▶ [ACTION ITEM]
Starting from the line with "London City View Photograph by Michael Blann" and going up to and including the line with "Marktplatz in Wittenberg - Sachsen-Anhalt", copy the listing below exactly. Leave all images out.

▶ [RECORDS FOR THE TASK]
────────────────
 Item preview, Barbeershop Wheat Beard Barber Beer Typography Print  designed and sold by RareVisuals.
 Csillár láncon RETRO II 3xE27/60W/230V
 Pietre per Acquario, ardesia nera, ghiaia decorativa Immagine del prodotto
────────────────
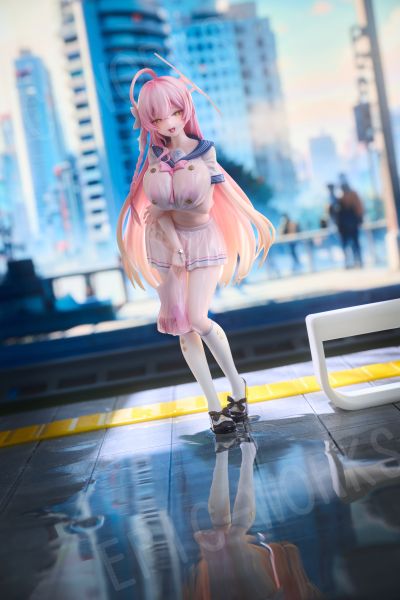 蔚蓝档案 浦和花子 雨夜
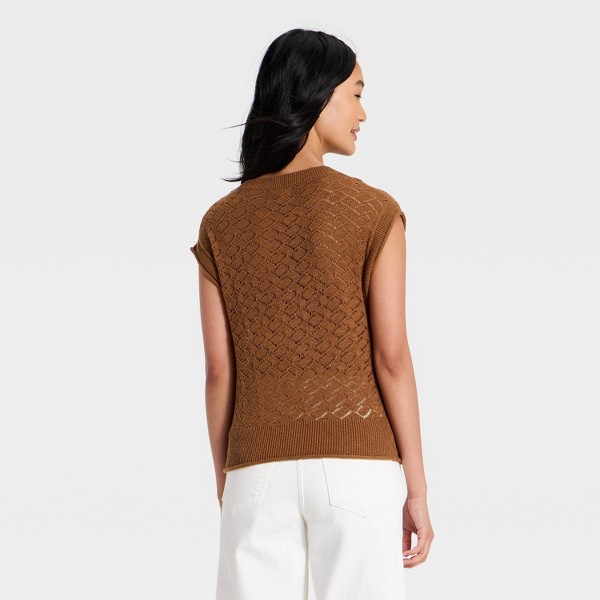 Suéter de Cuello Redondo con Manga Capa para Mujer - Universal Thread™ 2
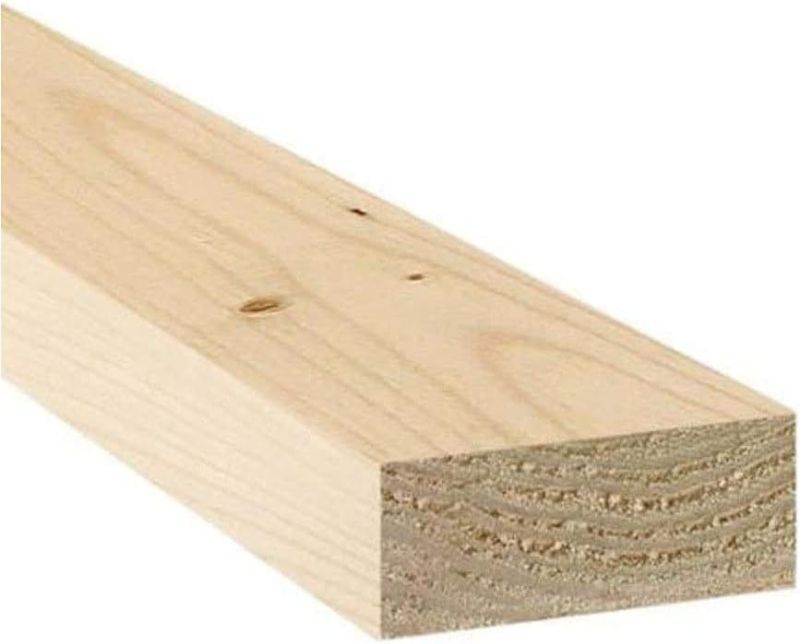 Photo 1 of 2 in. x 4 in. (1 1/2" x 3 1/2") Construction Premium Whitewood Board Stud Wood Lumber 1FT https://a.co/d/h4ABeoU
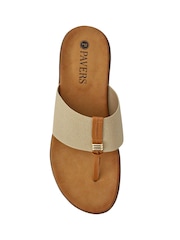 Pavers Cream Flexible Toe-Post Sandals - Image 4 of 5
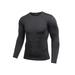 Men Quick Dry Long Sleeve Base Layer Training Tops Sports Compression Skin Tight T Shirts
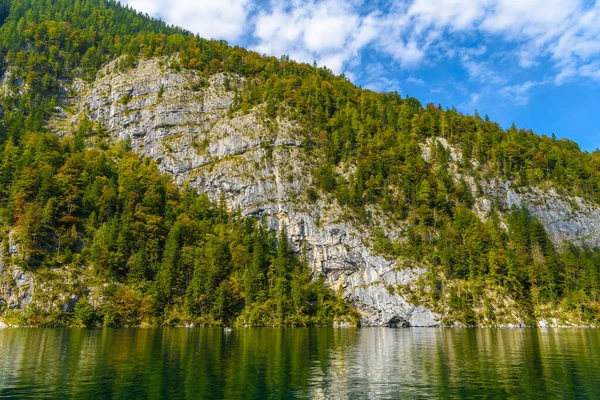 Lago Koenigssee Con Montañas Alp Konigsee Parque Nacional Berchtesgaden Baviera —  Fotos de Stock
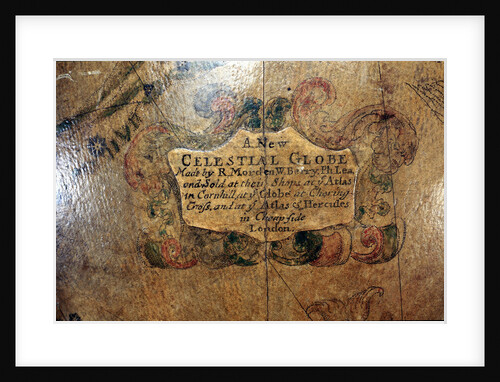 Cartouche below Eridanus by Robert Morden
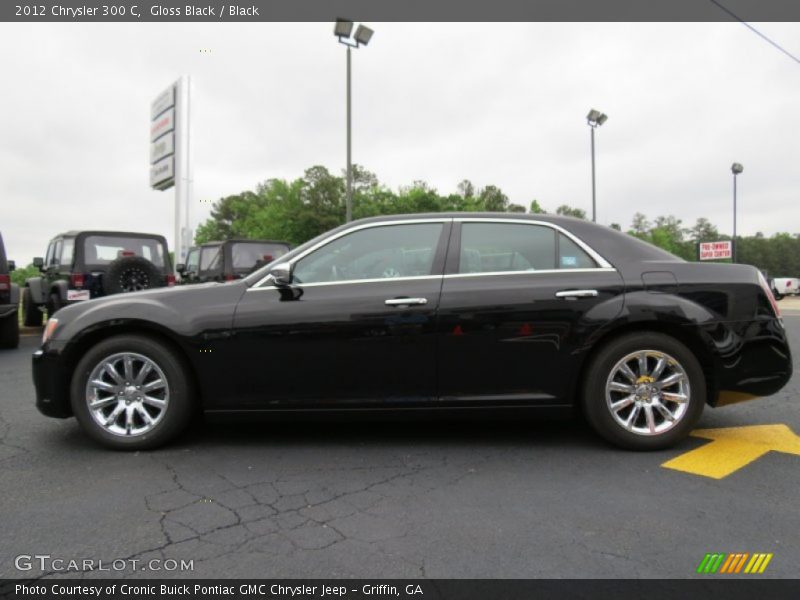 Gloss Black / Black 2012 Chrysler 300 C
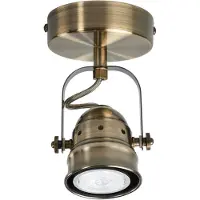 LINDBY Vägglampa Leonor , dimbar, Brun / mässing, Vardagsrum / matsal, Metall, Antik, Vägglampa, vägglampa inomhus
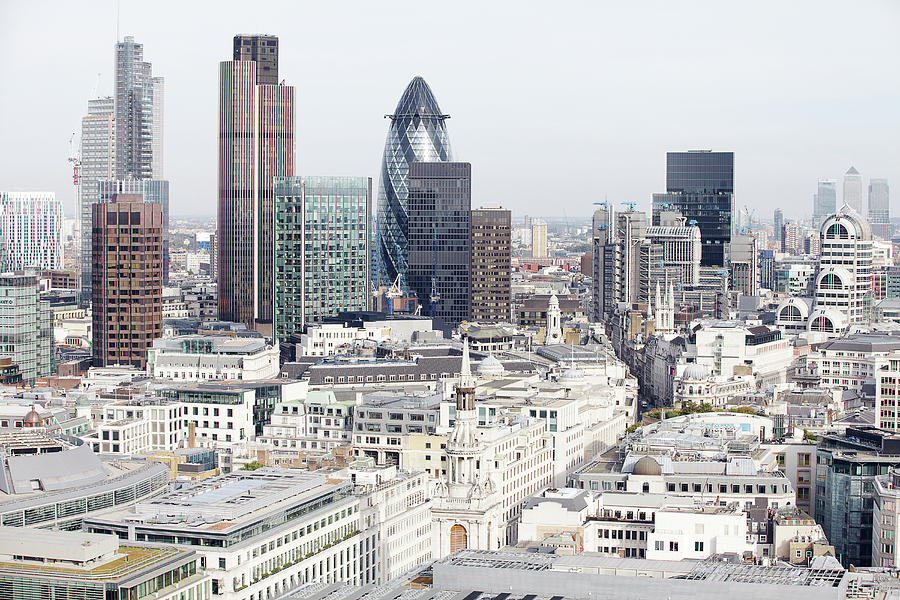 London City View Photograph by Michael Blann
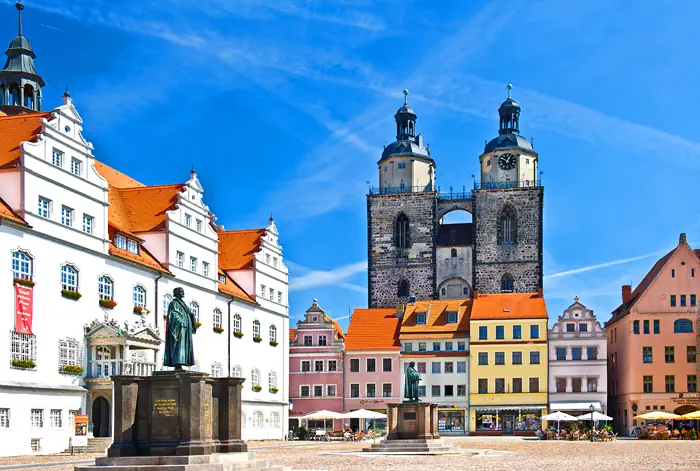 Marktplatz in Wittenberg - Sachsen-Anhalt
────────────────
▶ [OUTPUT FOR THIS TASK]
 London City View Photograph by Michael Blann
 Marktplatz in Wittenberg - Sachsen-Anhalt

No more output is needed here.